The New Zealand comments are:
	The absence of the value UNDEFINED in the domain of all types
	specified in this draft is regretted. It is considered that while
	few current languages have such a requirement, such a requirement
	will become more common in the future as greater use is made of
	formal methods in all aspects of Information Technology.

	While the need for a concrete syntactic from for the draft is
	obvious, it is surprising that an abstract syntax has not been
	defined so that proof of equivalence in the mapping from language
	definitions/bindings can be made more readily.

The UK comments were (on paper) distributed at the WG11 meeting last week,
can somebody from the UK make these available to the SC22WG11 list?

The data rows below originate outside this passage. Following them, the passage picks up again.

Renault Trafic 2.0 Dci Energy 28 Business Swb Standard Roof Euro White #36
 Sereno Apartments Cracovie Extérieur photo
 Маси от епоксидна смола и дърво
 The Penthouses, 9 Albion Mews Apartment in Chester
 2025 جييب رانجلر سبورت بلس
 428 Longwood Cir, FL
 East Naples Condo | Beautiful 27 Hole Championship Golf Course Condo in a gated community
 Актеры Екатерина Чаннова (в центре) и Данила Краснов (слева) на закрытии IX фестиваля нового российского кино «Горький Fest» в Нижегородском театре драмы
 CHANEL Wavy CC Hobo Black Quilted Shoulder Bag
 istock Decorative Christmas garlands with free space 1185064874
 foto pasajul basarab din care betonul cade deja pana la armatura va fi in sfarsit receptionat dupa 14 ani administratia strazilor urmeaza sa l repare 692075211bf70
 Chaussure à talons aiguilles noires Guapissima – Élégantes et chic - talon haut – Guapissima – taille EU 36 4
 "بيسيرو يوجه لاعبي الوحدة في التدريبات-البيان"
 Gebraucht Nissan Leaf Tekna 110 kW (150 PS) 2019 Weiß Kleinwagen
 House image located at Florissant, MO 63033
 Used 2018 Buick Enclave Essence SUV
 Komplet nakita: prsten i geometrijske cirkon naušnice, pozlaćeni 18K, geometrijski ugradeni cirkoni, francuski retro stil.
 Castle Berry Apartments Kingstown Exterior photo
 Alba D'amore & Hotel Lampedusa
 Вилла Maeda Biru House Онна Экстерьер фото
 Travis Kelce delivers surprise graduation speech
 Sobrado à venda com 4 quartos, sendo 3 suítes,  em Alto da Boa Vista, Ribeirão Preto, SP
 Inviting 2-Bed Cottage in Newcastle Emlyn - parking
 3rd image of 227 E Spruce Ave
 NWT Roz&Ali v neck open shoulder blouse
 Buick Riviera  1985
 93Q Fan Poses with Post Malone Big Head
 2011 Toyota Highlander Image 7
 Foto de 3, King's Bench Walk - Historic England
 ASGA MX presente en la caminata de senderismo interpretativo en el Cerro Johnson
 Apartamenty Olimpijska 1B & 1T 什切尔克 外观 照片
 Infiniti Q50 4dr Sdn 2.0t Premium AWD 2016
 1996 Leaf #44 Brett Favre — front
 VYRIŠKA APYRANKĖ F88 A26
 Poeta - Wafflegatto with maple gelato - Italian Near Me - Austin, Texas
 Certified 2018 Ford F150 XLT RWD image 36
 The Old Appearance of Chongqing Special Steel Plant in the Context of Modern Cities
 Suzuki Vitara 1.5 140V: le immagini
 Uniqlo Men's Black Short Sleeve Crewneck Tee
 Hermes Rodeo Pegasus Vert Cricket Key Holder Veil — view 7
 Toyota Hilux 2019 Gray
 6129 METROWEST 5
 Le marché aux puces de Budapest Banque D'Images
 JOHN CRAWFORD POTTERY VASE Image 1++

The comments from Sweden are:
1.	In clause 2: after "ISO 8601:1988" add "including Technical
	Corrigendum 1:1991".

2.	All character names should follow JTC1/SC2 standards, particularly
	ISO/IEC 10646-1 (presently being printed). I refer to Annex J
	Rule 1: "By convention, only Latin capital letters A to Z,
	space, and hyphen shall be used fro writing the names of
	characters."

Follows a list of replacements:
		"apostrophe-mark"	-> "QUOTATION MARK"
		"hyphen mark"		-> "HYPHEN-MINUS"
		"open-brace mark"	-> "LEFT CURLY BRACKET"
		"close-brace mark"	-> "RIGHT CURLY BRACKET"
		"open-bracket mark"	-> "LEFT SQUARE BRACKET"
		"close-bracket mark"	-> "RIGHT SQUARE BRACKET"
		"vertical-stroke mark"	-> "VERTICAL LINE"
		"full-stop mark"	-> "FULL STOP"
		"equal-sign"		-> "EQUALS SIGN"


Clause 7.1 under iii): "ISO 10646:1992" ->  "ISO/IEC 10646-1:1993"

Clause 8.1.4 Note 4: "Latin alphabet" -> "Latin alphabet No. 1"

Clause 8.1.6 under value-syntax: "a single decimal point" -> 'the letter "T"
and/or a single decimal  point'. Explanation: according ISO 8601  clause 5.4.1,
a time-designator "T" shall be used between date and time in a combined date
and time representation.

Note WFW: These comments seem all to fall in the category 'editorial'.
However, there is no indication on how to change the NO vote to a YES vote.
I will contact ITS (Swedisch standardizationorganization) to find out.

The comments from the US are appended. To change the NO to a YES, if the
to comments designated Major are satisfactory resolved.

U.S. comments on LI Datatypes (ISO CD 11404.2)

The U.S. votes NO on the progression of CD 11404 to DIS.
Our vote will be changed to YES if the two comments
designated Major below are satisfactorily resolved.

Issue: 1
Subject: Define the useful model of Array-types
Type: Major
Clauses: 8.4.4 and 8.4.5
Xref: RPC 9.5.2.3 and X3T5.5/93-020

Rationale: The Sequence and Array types of LID cover at
least the following conceptually distinct datatypes:

Fixed-length single index - vector.   What must be
preserved is the ordering of the components, indexing
could be off by 1 in language mappings without serious
consequences.

Variable-length single index - sequence (values of
different lengths). What must be preserved is the
ordering of the components, indexing is effectively
ordinal, so any language convention is adequate.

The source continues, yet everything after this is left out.